The current implementation of GDPR FORGET does not permit anonymized values of NULL (seemingly, for owner names). We need to either enable this, or create a different means of expressing an "anonymized value".
Leaving these here to remember potential clean ups:
[ ] Anonymization is done by using the UpdateContext API. Currently, we work around that starting its own transaction via a boolean function argument. UpdateContext still updates the dataflow on its own though.
[ ] We potentially anonymize records that actually end up being deleted (or were deleted) and then do another quick round of deletion at the end to ensure those are gone.
[ ] Perhaps the code path for owners and accessors can be combined (for forget) a little more.
A potential cleaner design:
[ ] All operations for FORGET including anonymization is carried out as native operations in the RocksdbSession API. This no longer uses UpdateContext, and thus no longer updates flows on its own (and we can get rid of boolean flag workaround).
[ ] Combine the records to be deleted and records to be anonymized. Apply anonymization first, and then delete everything that needs to be deleted in one shot (including if it was anonymized).

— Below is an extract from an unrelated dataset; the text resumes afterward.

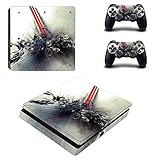 playstation 4 slim skin template PROTECCIÓN PERFECTA: No se raya, se desvanece (resistente a los rayos UV) ni se despega, sin burbujas, fácil de pegar, no deja residuos pegajosos después de quitarlo. Proteja su consola de arañazos, huellas dactilares y polvo para prolongar su vida útil.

[ ] Single traverse by starting from root datasubject table, and going into dependencies, as is for accessors. Then, if we are along ownership edges, we can still use the quick DeleteShard API, while using a more manual approach (as is now) for accessors. Perhaps do the anonymization only first in that traversal, then do a separate loop to just blindly delete shard?
The current implementation of GDPR FORGET does not permit anonymized values of NULL (seemingly, for owner names). We need to either enable this, or create a different means of expressing an "anonymized value".